Brig.-Gen. Kenneth Torrance grew up in the city, transferred to the British Army and spent years in a Japanese PoW camp
The British Army surrendered to Japanese forces on the island of Singapore in 1942. Guelph-born Brig.-Gen. Kenneth Torrance, second from right, was among the surrender party.

Guelph has produced several noteworthy military people. Among them were Admiral Charles Kingsmill (1855-1935), Brig.-Gen. Edmund Morris (1869-1939) and of course Lt-Col. John McCrae.

Another was Brig.-Gen. Kenneth S. Torrance, who was witness to one of the most dramatic moments of the Second World War.

Kenneth Torrance was born in Guelph on Aug. 22, 1895, the first of two sons of Agnes (nee Sanderson) and Robert L. Torrance. His grandfather, Rev. Robert Torrance, was a founder of the Chalmers Church – now the United Church. The city’s former Torrance Public School bore the family name.

The Torrances lived on Queen Street. Kenneth attended the Guelph Collegiate where his extra-curricular activities included the drama club. However, his greatest interest was in the school’s cadet corps and rifle team. Torrance was one of the leading cadets, and it was no surprise that upon graduation he chose to enrol in the Royal Military College at Kingston, Canada’s most prestigious military school.

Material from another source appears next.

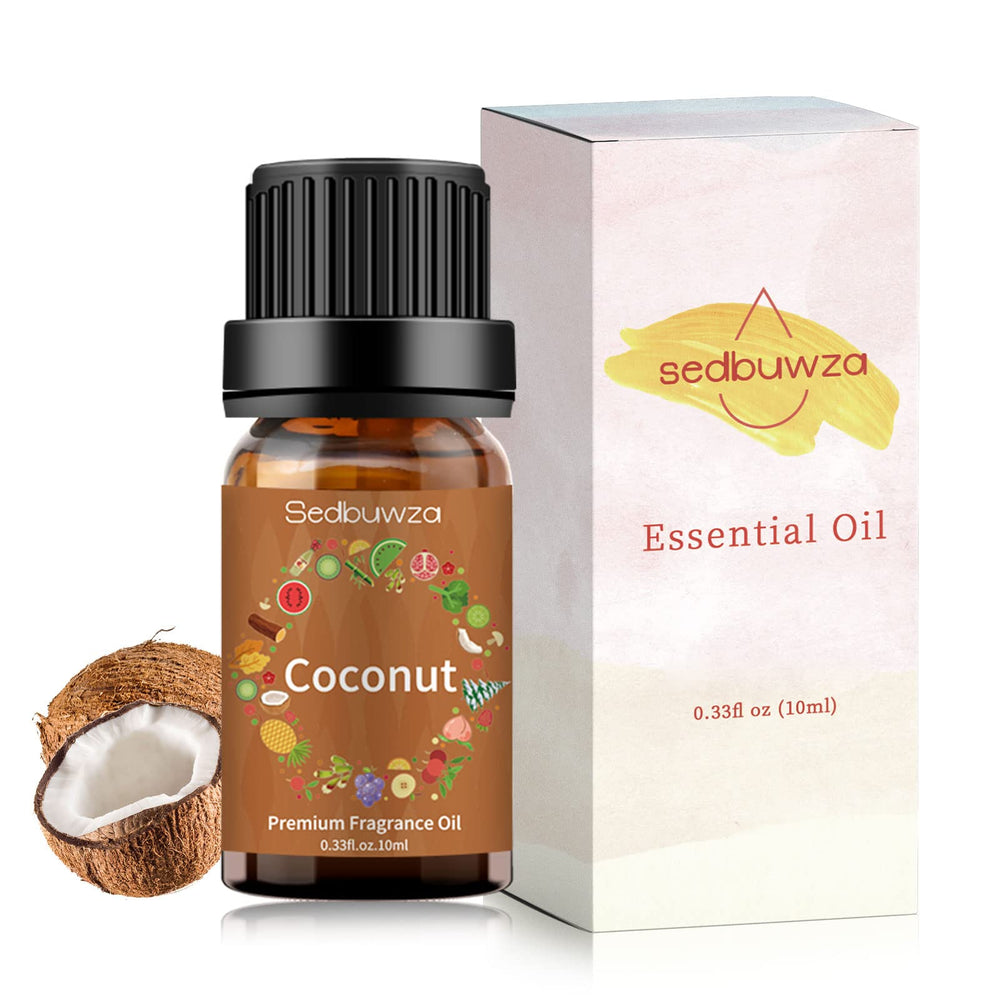 Label detail on Sedbuwza Coconut Essential Oil bottle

At the outbreak of the First World War in 1914, Torrance joined the Canadian Expeditionary Force. In England he transferred to the British Army and served on the Western Front as a subaltern and then a lieutenant in the Manchester Regiment. By the war’s end he had been promoted to captain and awarded the Military Cross for distinguishing himself in action.

Torrance had decided to make a career in the military, so after the war he remained in the British Army. He was sent to India, where he attended the British Imperial Army Staff College at Quetta, a school that had been established on the recommendation of Lord Horatio Kitchener with the intention of preparing promising young officers for higher command.

After completing the course, Torrance served in India, Burma, Iraq and at the War Office in England. In August of 1939, Torrance was sent to Malaya. One month later the Second World War began.

By that time the soldier from Guelph had been promoted to the rank of brigadier general. That was an officer between the ranks of colonel and divisional general. A brigadier in the field commanded a brigade of four battalions, or about 4,000 troops. Torrance was chief of staff at the British fortress of Singapore under the command of Arthur E. Percival, the senior British officer on the Malay Peninsula.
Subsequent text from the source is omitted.